Anyway, a quiet Hogmanay for us this year. It’s been a busy month, what with a couple of weddings, Christmas nights out and so on, plus we are off on our annual January pilgrimage to London very soon.
Back to New Year however, and we will be visiting family over the next couple of days. Usually Disneyboi’s family on the 1st and then my family on the 2nd – which is also my aunt’s birthday, where she makes us a gorgeous meal. In Scotland the tradition of visiting folk at New Year, and taking them a gift, is known as First Footing. It’s supposed to be a tall, dark, handsome stranger who crosses your door after the bells, who is your first foot and brings with him luck – and a lump of coal(?). But any visiting of people over the first few days in the New Year is generally referred to as first footing.
For my gift to take to the family this year, I decided to literally take a First Foot or Feet. Some shortbread (adapted from Nigella) and cut into the shape of feet, with a little nail varnish icing for the toes! A very easy to make shortie, if you are ‘short’ on time!
Adapted from Nigella.com
100 grams icing sugar
200 grams plain flour
100 grams cornflour
200 grams unsalted butter, softened
½ teaspoon vanilla extract
granulated sugar for sprinkling
In a food processor, blend together the icing sugar, flour and cornflour. Dice the butter into cubes and add into the processor, along with the vanilla. Blitz until it forms a dough. Plop this into some clingfilm and wrap tightly, shaping into a flat disc. Chill in the fridge for about half an hour. Preheat your oven to 160oC and line a couple of cookie sheets with baking paper.

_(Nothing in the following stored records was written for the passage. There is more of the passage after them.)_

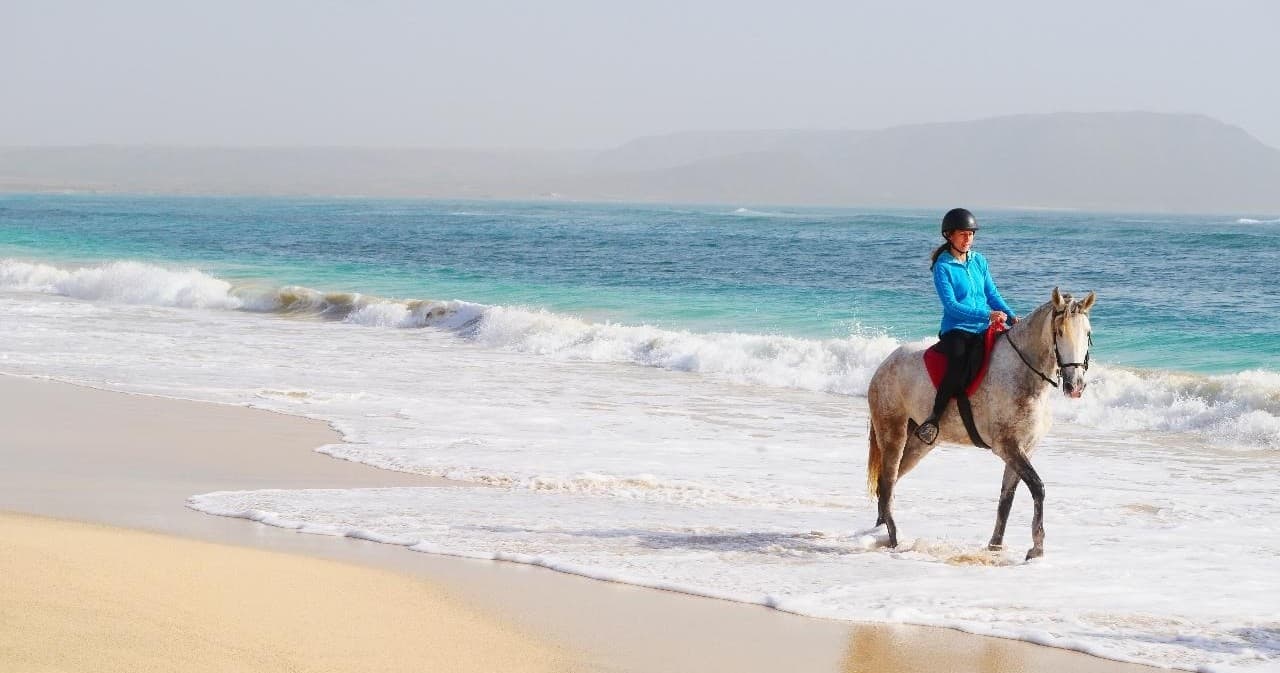 Horse Excursions Kite Beach Trail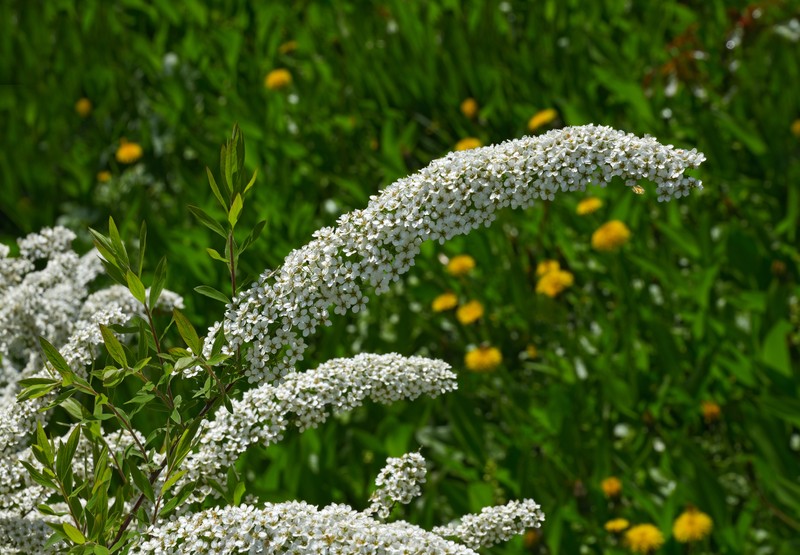 Thunberg's Meadowsweet photo 2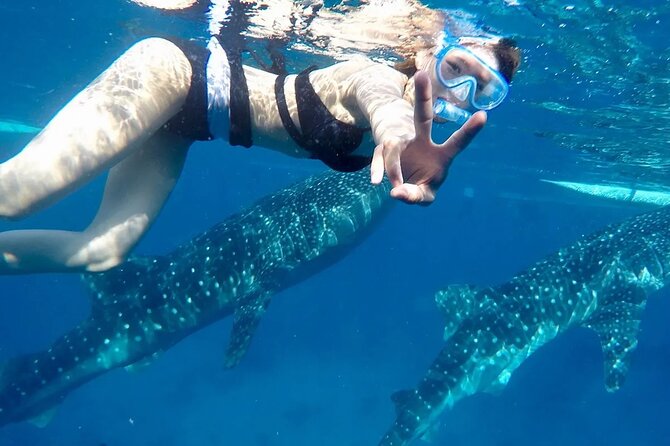 Whale Watching in Sumilon Island with Ocean View Resort and Lunch - Why this Cebu day trip works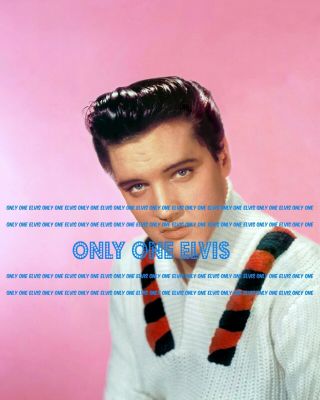 1958 Elvis Presley In The Movies " King Creole " Photo Rare Studio Pose 10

Remove the dough from the fridge and roll it out, using icing sugar on the rolling pin and work surface to prevent sticking. Cut out feet shape with the cookie cutter (or whatever cookie cutter you are using). Place them on the prepared sheet and sprinkle with some granulated sugar. Chill them again for 15 minutes, then place them in the oven for 11-12 minutes. The edges should start to turn golden brown. Place them on a cooling rack immediately, and allow to cool completely.
I iced my toes with some icing, using a recipe from my friend Debs over at Debs Dust Bunny.
This is a different shortbread recipe than I have used before, what with the cornflour and icing sugar. It results in a very light cookie and is very delicious.
Happy New Year to you all when it comes and I wish everyone a very lucky 2013!
(Oh and Happy Birthday Auntie Dola when it comes! Don’t worry I won’t give the game away!!)